(EXERCISE MATERIAL Opens)
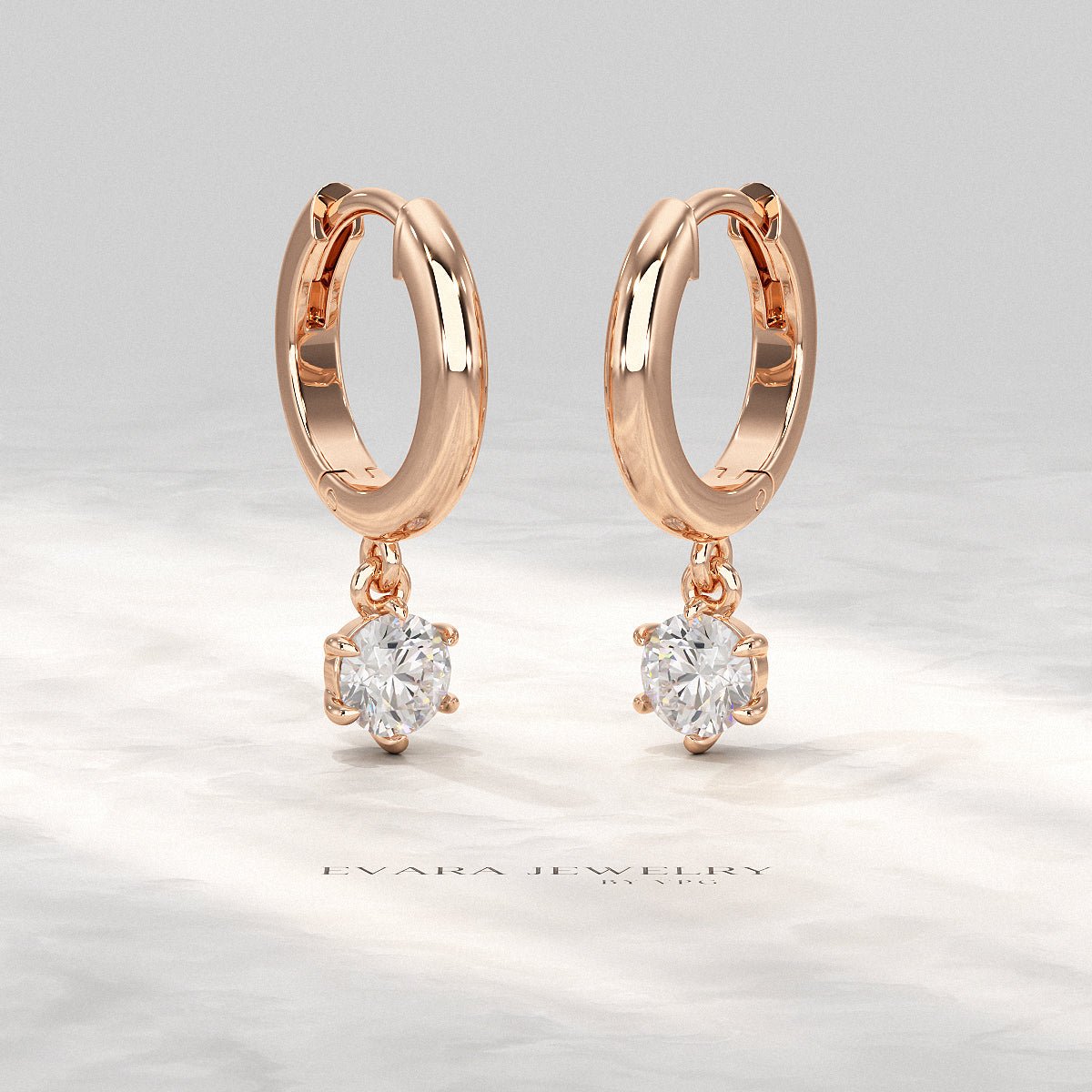 Minimal Diamond Drop Huggies Hoop Earrings - Evara Jewelry LLC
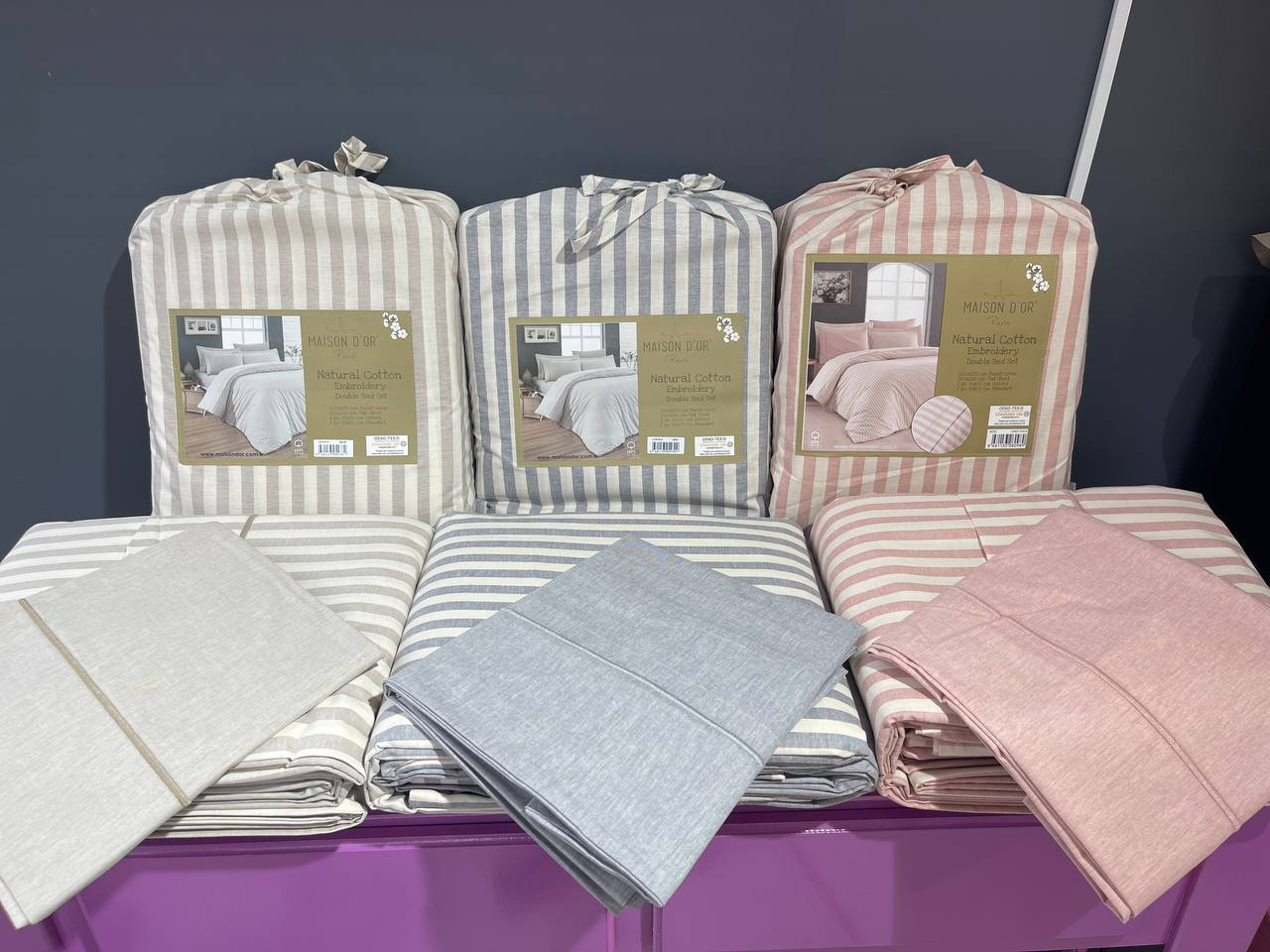 Natural Cotton полутороспальное постельное белье широкая полоска бежевый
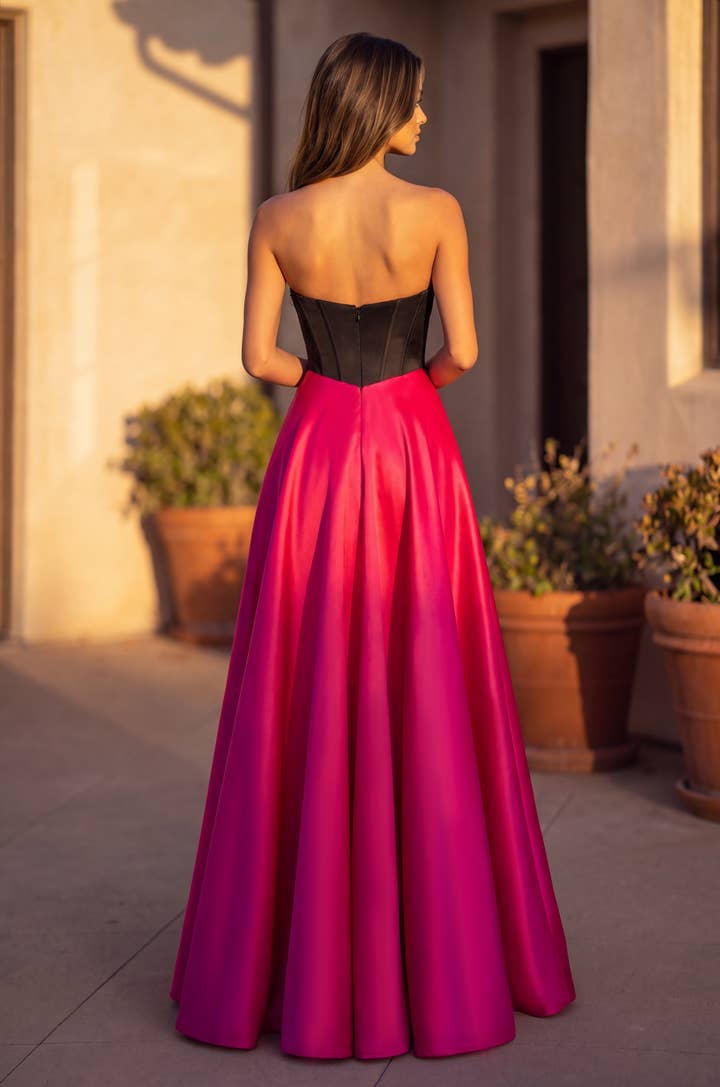 Beaded Corset Satin A-Line Gown - Black / Fuchsia - view 2
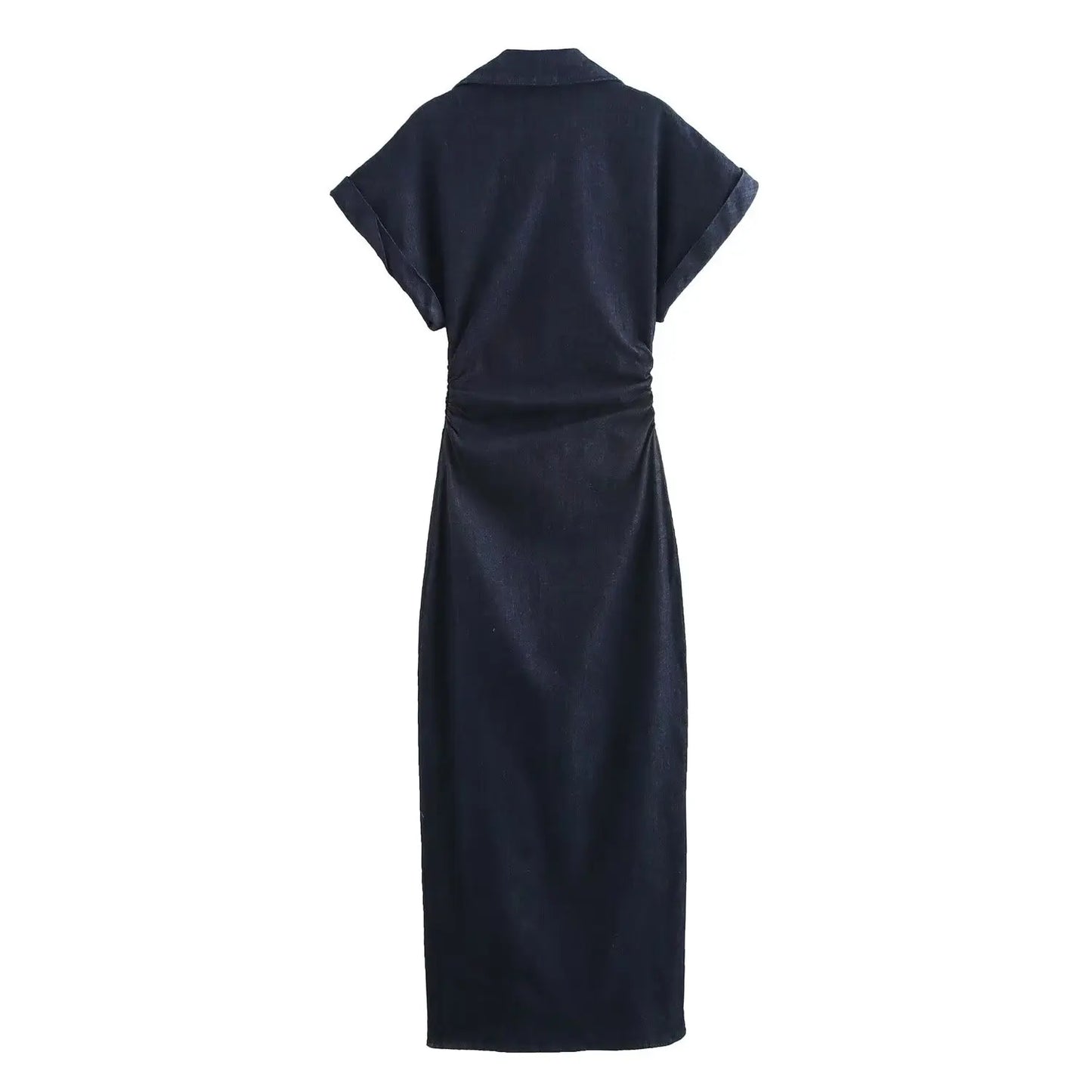 ETJ Spring New series denim MIDI dress with lapel side zipper fashion wrinkle waist slim elegant dress
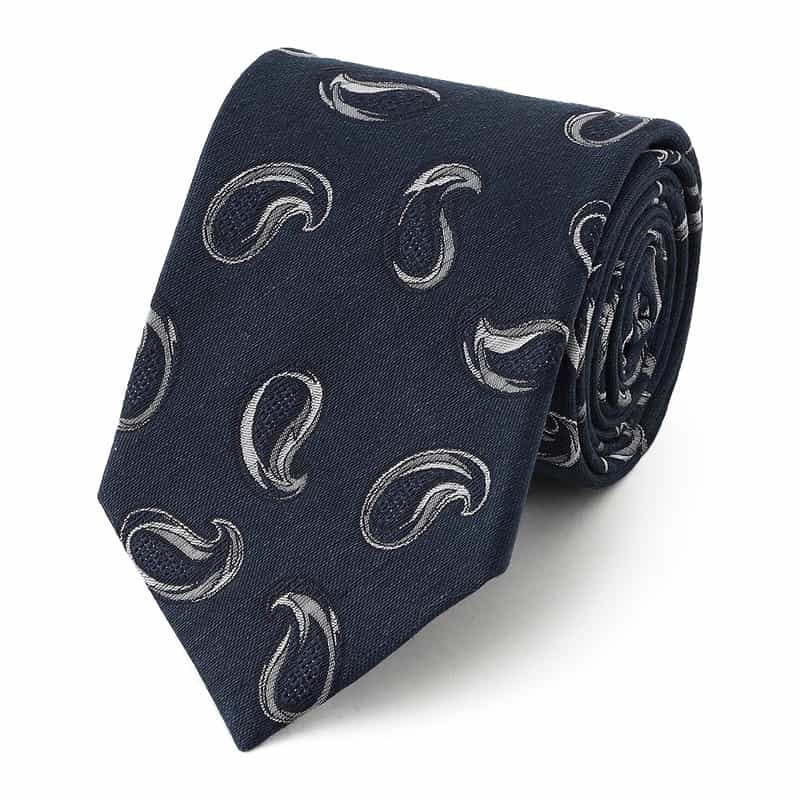 BARNEYS NEW YORK ペイズリー柄タイ NAVY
(EXERCISE MATERIAL Closes)
◆ **TASK GOAL**
Starting with the line that holds "ETJ Spring New", transcribe exactly each line through the last one of the material above, and nothing else. Do not include pictures.

◆ **SOLUTION TO THIS TASK**
 ETJ Spring New series denim MIDI dress with lapel side zipper fashion wrinkle waist slim elegant dress
 BARNEYS NEW YORK ペイズリー柄タイ NAVY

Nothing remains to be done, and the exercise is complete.